Reading SCSI Registration Keys...

Device Name: /dev/vx/rdmp/EMC0_2
Total Number Of Keys: 2
key:
Key Value : 65,45,45,45,45,45,45,45
Key Value : A-------
key:
Key Value : 66,45,45,45,45,45,45,45
Key Value : B-------

Node id 0=A, 1=B, 2=C, etc.

Check keys on your data disks:
vxfenadm -g /dev/char/path/disk

Reading SCSI Registration Keys...

Device Name: /dev/vx/rdmp/EMC0_7
Total Number Of Keys: 2
key:
Key Value : 65,80,71,82,48,48,48,49
Key Value : APGR0001
key:
Key Value : 66,80,71,82,48,48,48,49
Key Value : BPGR0001

Node id 0=A, 1=B, 2=C, etc.

Coordinator Keys must look like A------ and Data Disk Keys must look like APGR000?
The end numbering on the data disks shows master import order of the disks disk group so i put a "?" there.

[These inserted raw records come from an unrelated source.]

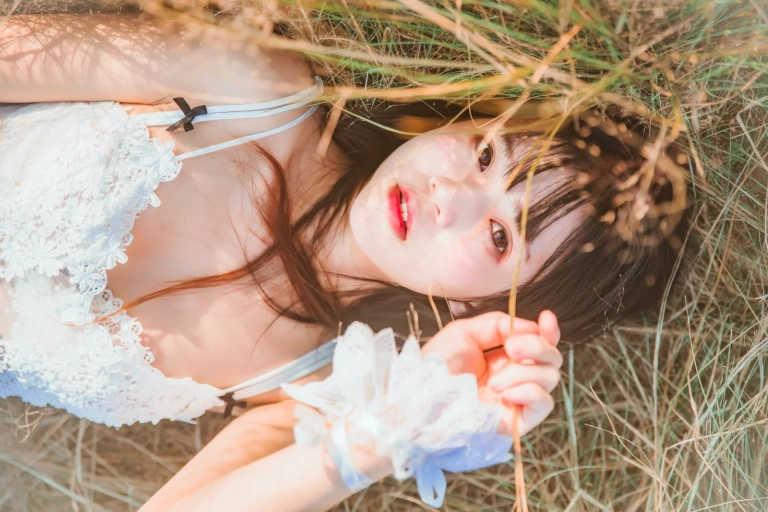 《冬眠 白裙下》｜桜桃喵 · 45张写真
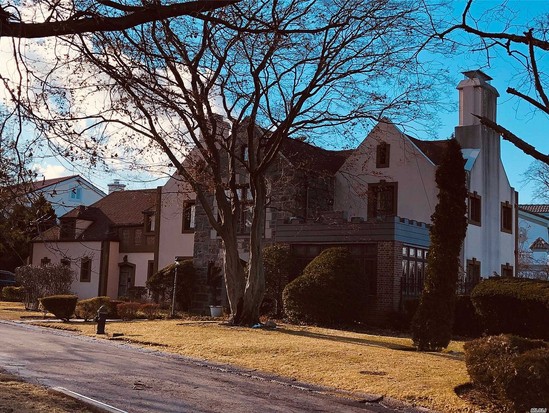 Single-family for Sale Bayside, Queens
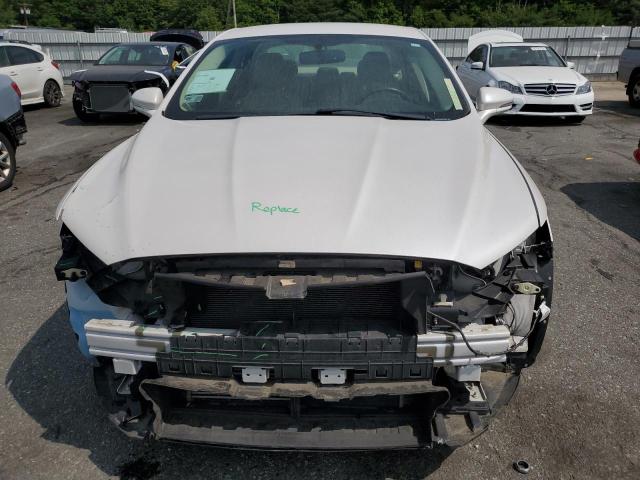 Sedans FORD FUSION 2013 Biały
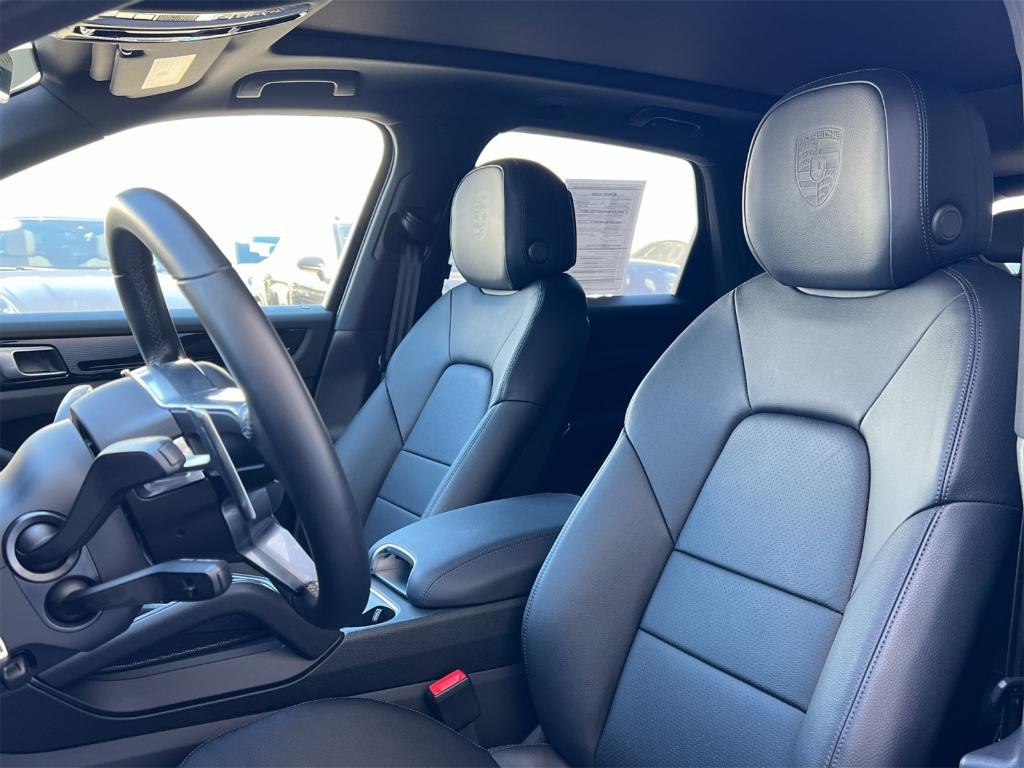 used 2023 Porsche Cayenne car, priced at $81,995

If any of these tests fail, then I/O fencing is not configured properly and it's back to the manual. If they are successful, you are probably looking at opening a support case.

Hope this helps

Mohit_Vohra · ‎07-29-2008

Hi Robert,

I agree with all your steps to test if fencing is configured properly or not except for the first one, i.e. running haclus -value UseFence. This step is valid only when you want to implement IO Fencing using VCS by editing the main.cf file, but this step isn't required if you dont want to use VCS to implement Fencing.

By simply adding the line "vxfen_mode=scsi3" in the /etc/vxfenmode file, and then restarting vxfen driver, you should be able to configure IO fencing without using VCS. The only area where VCS is required is when you want to restart vxfen driver, as at that time unless VCS and CVM are shut down, vxfen driver cannot be stopped and hence restarted.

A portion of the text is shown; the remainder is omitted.